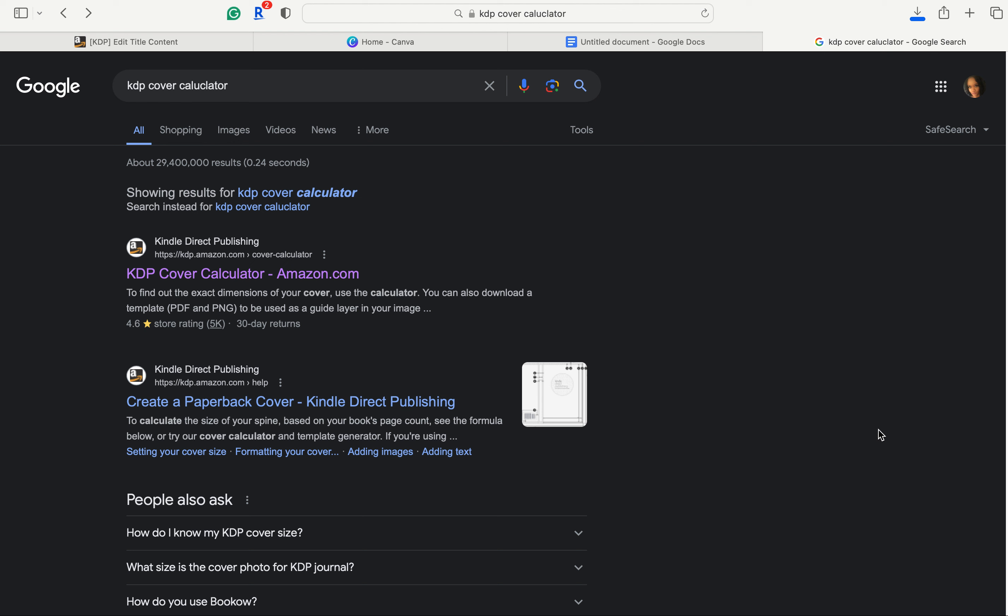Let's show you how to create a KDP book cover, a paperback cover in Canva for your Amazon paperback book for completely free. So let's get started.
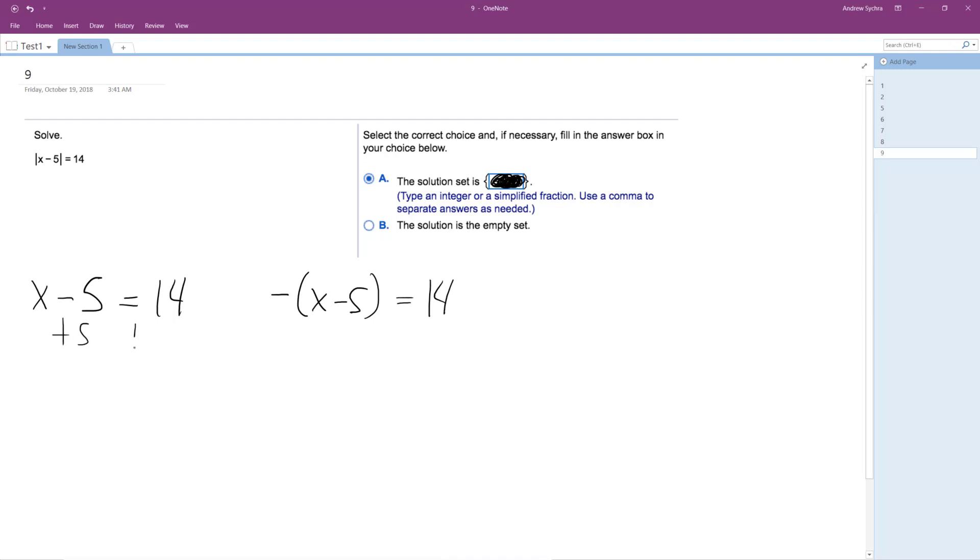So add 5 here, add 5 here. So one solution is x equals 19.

==

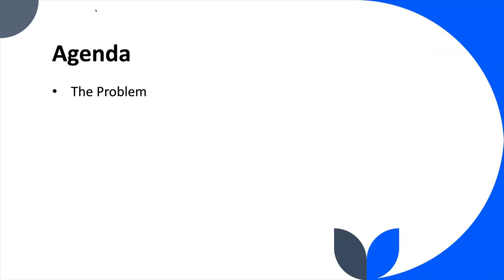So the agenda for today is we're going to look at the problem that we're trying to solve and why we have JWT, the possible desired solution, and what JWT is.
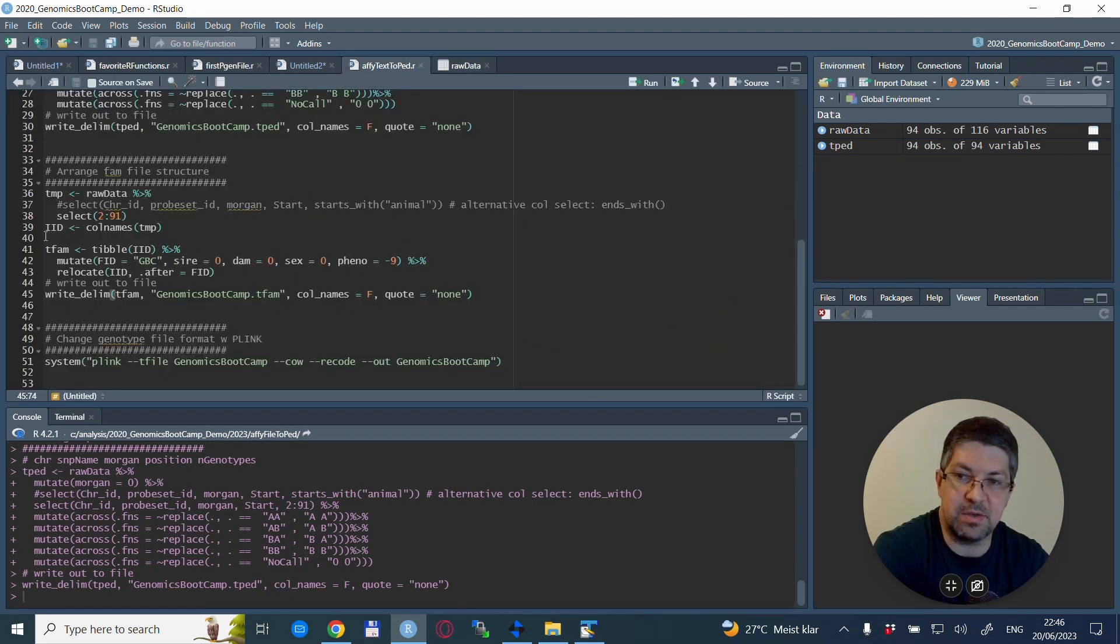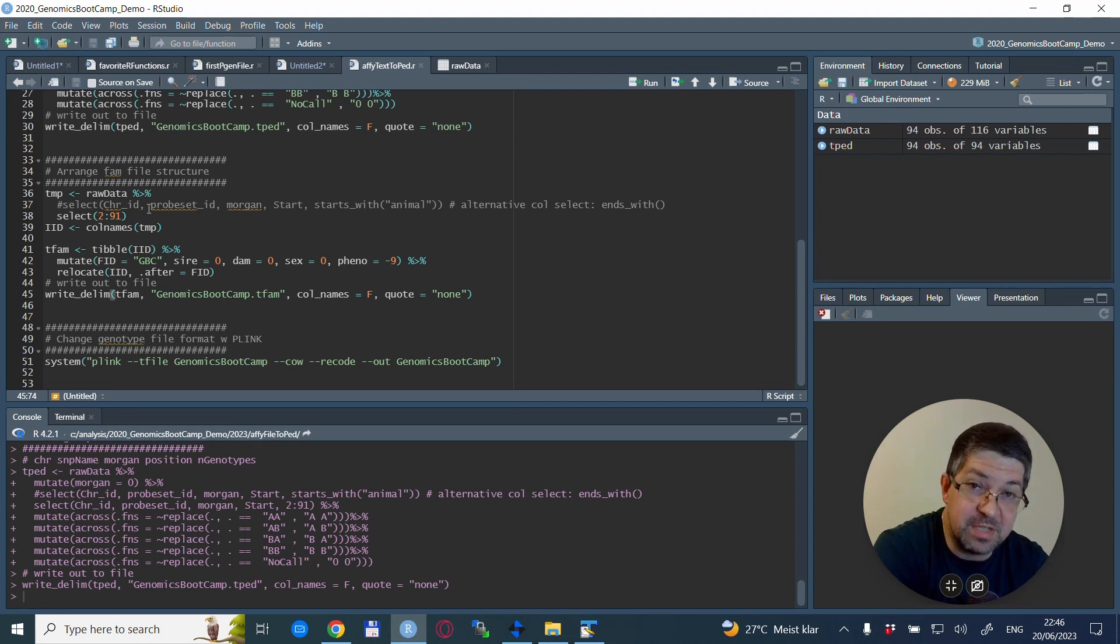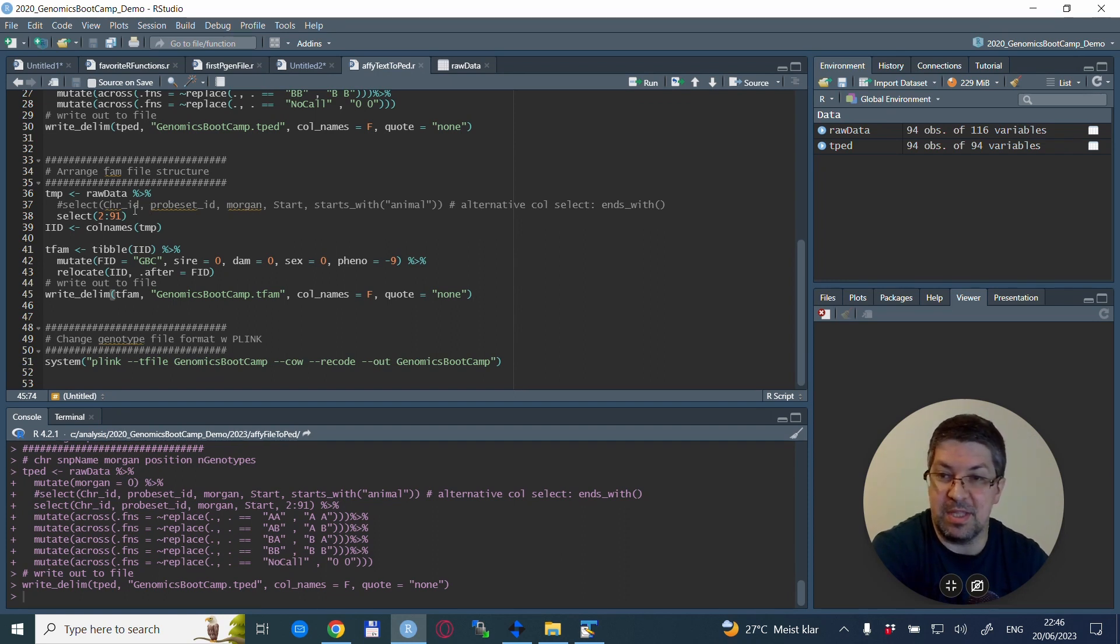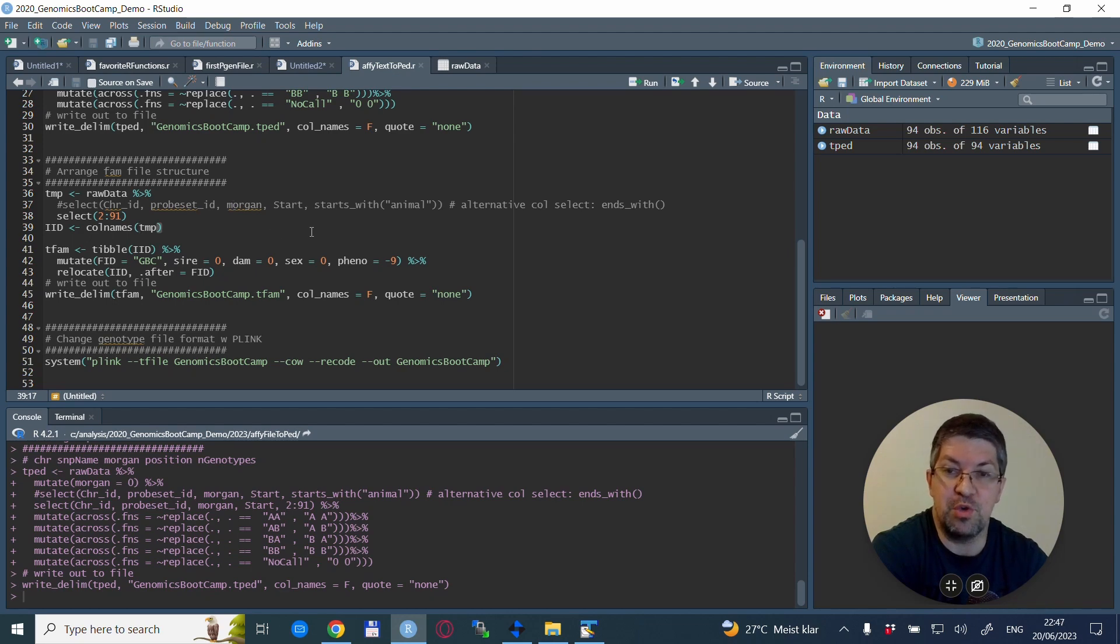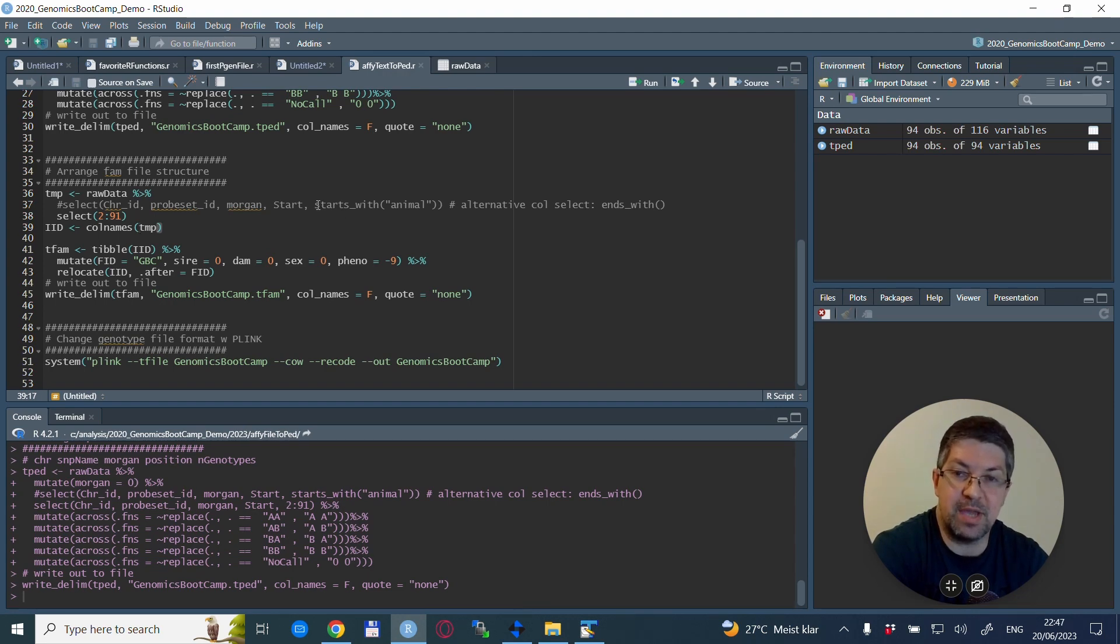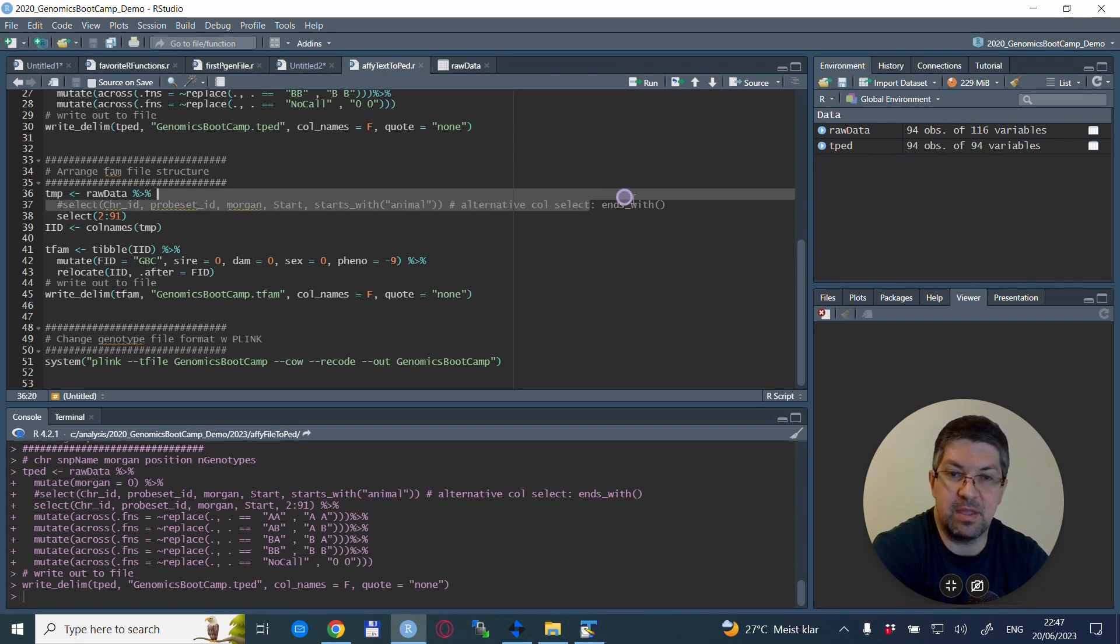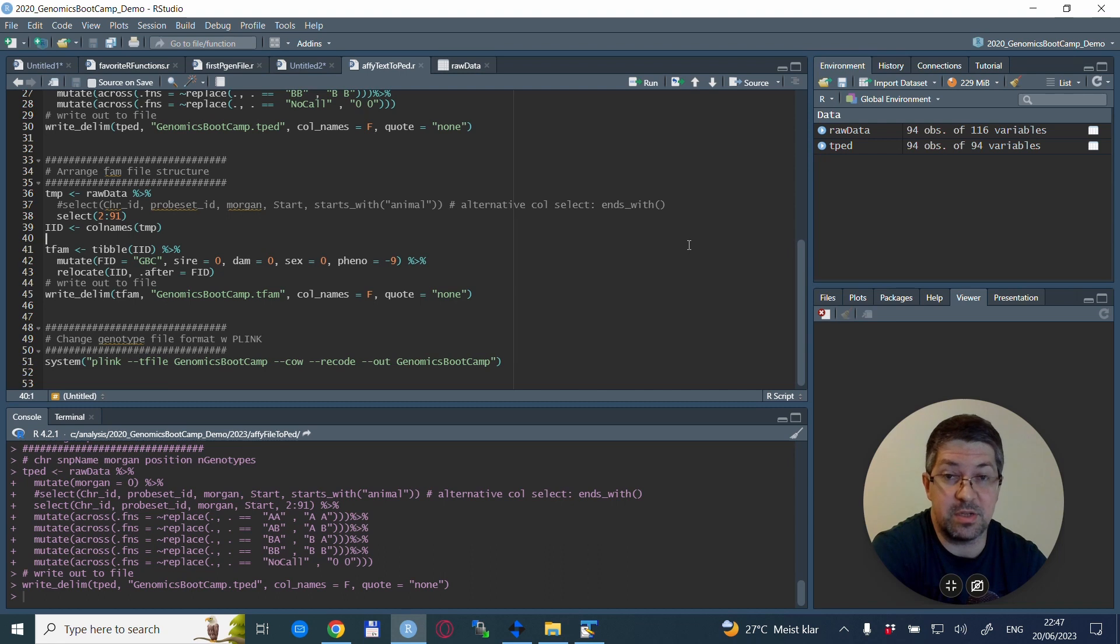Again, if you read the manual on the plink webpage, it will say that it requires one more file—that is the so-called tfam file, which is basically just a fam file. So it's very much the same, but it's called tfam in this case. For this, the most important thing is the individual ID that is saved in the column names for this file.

--

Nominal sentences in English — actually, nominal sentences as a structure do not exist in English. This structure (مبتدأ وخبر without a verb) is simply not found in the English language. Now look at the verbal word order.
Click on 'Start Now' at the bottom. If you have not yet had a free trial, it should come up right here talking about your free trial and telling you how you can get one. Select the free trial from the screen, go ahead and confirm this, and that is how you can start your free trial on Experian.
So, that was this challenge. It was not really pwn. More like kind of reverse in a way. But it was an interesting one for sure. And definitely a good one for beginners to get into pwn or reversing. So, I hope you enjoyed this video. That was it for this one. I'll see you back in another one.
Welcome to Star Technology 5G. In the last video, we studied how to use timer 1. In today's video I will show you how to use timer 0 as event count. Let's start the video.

THE PROBLEM
Take the stretch of lines above from the one containing "So, that was" through the one containing "Welcome to Star" and repeat it exactly, adding no other line.

RESULT FOR THIS EXERCISE
So, that was this challenge. It was not really pwn. More like kind of reverse in a way. But it was an interesting one for sure. And definitely a good one for beginners to get into pwn or reversing. So, I hope you enjoyed this video. That was it for this one. I'll see you back in another one.
Welcome to Star Technology 5G. In the last video, we studied how to use timer 1. In today's video I will show you how to use timer 0 as event count. Let's start the video.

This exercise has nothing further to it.